Het beeld bestond dat het rapport waar mevrouw Van der Plas aan refereert, niet bij de Commissie aanwezig was, maar dat ligt al sinds ik geloof 9 februari 2023 bij de Commissie. Natuurlijk hebben we dat met de Commissie besproken en natuurlijk hebben ze die kennis. Als er nieuwe rapporten zijn, gaan we daarmee naar de Commissie. We zouden geen knip voor de neus waard zijn als we het niet deden. Ik heb vanmiddag gezegd: elk signaal dat we krijgen, elk nieuw inzicht dat we zien, daarmee ga ik naar de Commissaris. Dat heb ik ook de afgelopen periode zo gedaan. Maar ik kan niet anders concluderen, na vier keer de deksel op de neus te hebben gekregen, dan dat er volstrekt geen ruimte is, behalve als wij laten zien dat de waterkwaliteit verbetert. En ja, inderdaad, die derogatiebeschikking leidt tot het afvoeren van dierlijk mest en het aanvoeren van kunstmest. Dat is een negatieve bijwerking van de derogatiebeschikking. Vanzelfsprekend heb ik dat met de Eurocommissaris besproken. Wij zien wat voor enorme catastrofe zich kan afspelen in de agrarische sector. Ik heb het met hem besproken.
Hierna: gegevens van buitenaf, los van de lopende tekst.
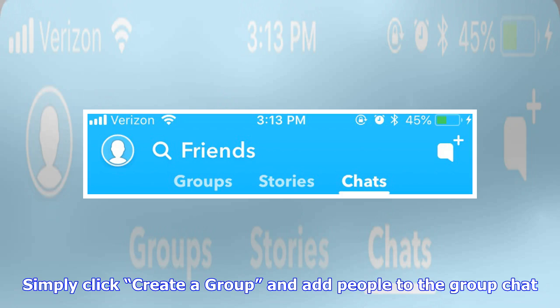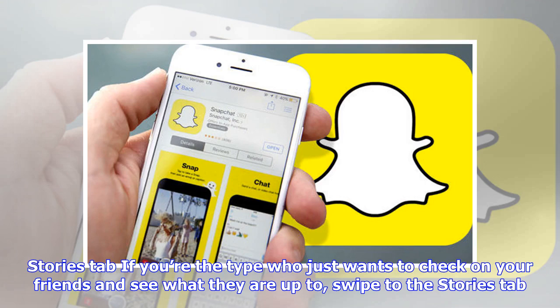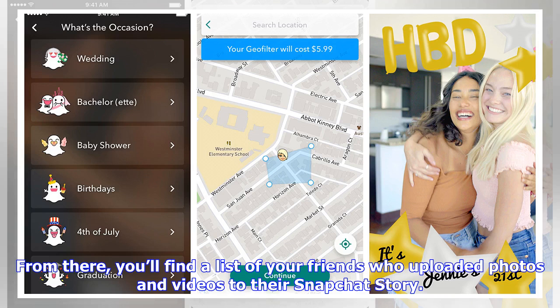In the groups section, you can chat with up to 32 people on your friends list at one time. Simply click 'Create a Group' and add people to the group chat. To make things more exciting, there's an option to do a group video chat with up to 16 people.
We hebben het gehad over faillissementen van agrarische bedrijven en over een opschaling van bedrijven. Alles is met hem doorgesproken. We hebben alles omgekeerd, maar de ruimte zit er niet in. Ik ga dan niet naar Europa om daar nog een keer hetzelfde gesprek te voeren, terwijl ik gisteravond nog contact had met de Eurocommissaris. Gisteravond zei hij nog: het gaat niet gebeuren, dan alleen wanneer de waterkwaliteit aantoonbaar is verbeterd volgens onze methodieken. Dat is wat hij zegt. Ik ga geen valse hoop geven aan boeren. Het wordt tijd dat we met elkaar als politiek onze verantwoordelijkheid nemen, in de volle breedte, over de partijen heen en los van de formatietafel. Wij kunnen het ons niet permitteren dat zo veel boeren zo wanhopig zijn. We moeten helpen. Elke stap die we kunnen zetten om te helpen, moeten we nemen. Daarom moeten we nu onze verantwoordelijkheid nemen.

De voorzitter:

Het woord is aan mevrouw Bromet.

Mevrouw Bromet (GroenLinks-PvdA):

Met alle respect voor de minister die vandaag voor de elfde of twaalfde keer dit verhaal vertelt. Ik heb in het debat al tegen hem gezegd: minister, we weten het nu wel. Dat is geen kritiek richting de minister, maar wel richting de BBB, vanwege de vraagstelling. We doen het debat van vandaag in dit tweeminutendebat weer helemaal opnieuw. Ik vind dat geen werkwijze. Je debatteert de hele dag en dan komt er een andere woordvoerder alles nog een keer opnieuw doen. Ik heb daar grote bezwaren tegen. Het is nu 00.10 uur en ik moet ook nog helemaal naar huis rijden. Ik hoop dat het de laatste keer is dat het op deze manier gaat.

De voorzitter:

We gaan hier geen discussie meer over voeren, mevrouw Van der Plas.

Mevrouw Van der Plas (BBB):

Ik word hier rechtstreeks aangesproken, dus ik maak hier een persoonlijk feit van.

De voorzitter:

Heel kort dan.

Mevrouw Van der Plas (BBB):

Ik bepaal zelf wat ik hier inbreng.

De voorzitter:

Nee, dat bepaalt de voorzitter, mevrouw Van der Plas.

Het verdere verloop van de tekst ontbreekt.